Nova Resource Talk:Mwoffliner
This documentation describe how to setup a virtual machine (VM) able to create ZIM files from Wikimedia projects.
Virtual machine creation
- Create a new VM with max CPU/Storage in mwoffliner" project
- on wikitech, ‘configure instance’ and then select the labs::lvm::srv class. This will create /srv (if nothing happens, then "sudo puppet agent -tv")
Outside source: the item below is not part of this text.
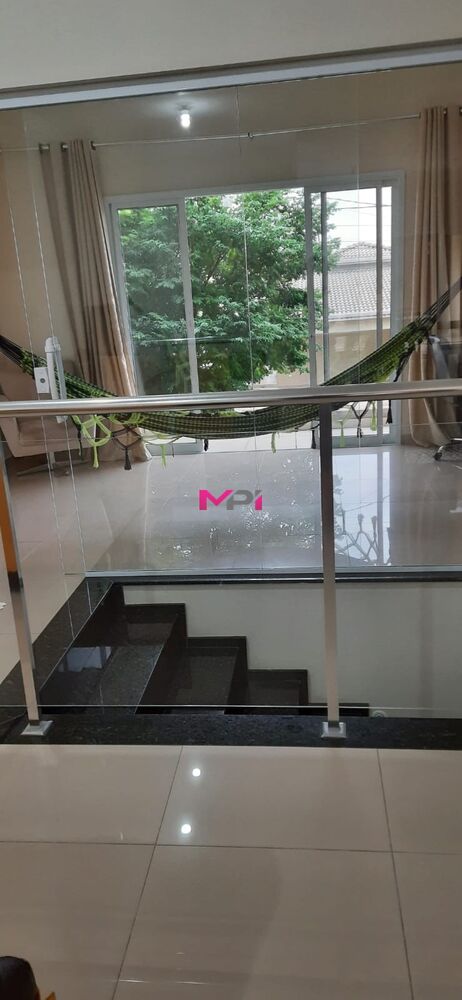 Casa de Condomínio, 3 quartos - Foto 24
- Ask admin to configure a public IP
- Create a new hostname "mwofflinerX.wmflabs.org" here
Optimize filesystem
Then reformat the /src filesystem, this is necessary to get more inodes:
sudo umount /dev/mapper/vd-second--local--disk
sudo mkfs.ext4 -T news /dev/mapper/vd-second--local--disk
sudo mount /srv
sudo rm -rf /srv/lost+found/
As root, put the following code in the crontab:
SHELL=/bin/sh
PATH=/usr/local/sbin:/usr/local/bin:/sbin:/bin:/usr/sbin:/usr/bin
# m h dom mon dow command
@reboot umount /srv ; mount -o rw,errors=remount-ro,noatime,barrier=0,data=writeback,nobh /srv
Ubuntu basic setup
Make a dist-upgrade:
sudo apt-get update
sudo apt-get dist-upgrade
Install mandatory packages:
sudo apt-get install nginx git htop screen rsync unzip g++ p7zip-full libzim-dev automake libtool pkg-config libmagic-dev \
redis-server emacs23 imagemagick advancecomp gifsicle pngquant nscd liblog-log4perl-perl zip cmake uuid-dev \
texinfo xapian-tools jpegoptim zlib1g-dev iotop
Increase standards system limits
Edit /etc/security/limits.conf
* - nofile unlimited
* - stack unlimited
Edit /etc/sysctl.conf and add at the end of the file
vm.overcommit_memory = 1
Checkout Kiwix code
Clone these online code repositories:
sudo git clone git://git.code.sf.net/p/kiwix/kiwix /srv/kiwix-kiwix
sudo git clone git://git.code.sf.net/p/kiwix/tools /srv/kiwix-tools
sudo git clone git://git.code.sf.net/p/kiwix/maintenance /srv/kiwix-maintenance
sudo git clone git://git.code.sf.net/p/kiwix/other /srv/kiwix-other
sudo git clone https://gerrit.wikimedia.org/r/p/openzim.git
Install and compile zimwriterfs
zimwriterfs is called my mwoffliner.js and transform a HTML directory in a ZIM file:
cd /srv/openzim/zimwriterfs/
./autogen.sh
./configure
make
sudo make install
Configure redis
Edit /etc/redis/redis.conf
unixsocket /dev/shm/redis.sock
unixsocketperm 777
save ""
appendfsync no
Compile & install Node.js
mwoffliner.sh needs Node.js 0.12:
cd /tmp
wget http://nodejs.org/dist/v0.12.2/node-v0.12.2.tar.gz
tar -xvf node-v0.12.2.tar.gz
cd node-v0.12.2/
./configure
make
sudo make install
cd /tmp
rm -rf node-v0.12.2*
Install mwoffliner dependences
mwoffliner is responsible for dump the HTML from Mediawiki/Parsoid API:
cd /srv/kiwix-other/mwoffliner/
sudo npm install -g node-gyp
export LINK=g++
npm install
Create download.kiwix.org mirror
This mirror is needed to avoid too much network traffic.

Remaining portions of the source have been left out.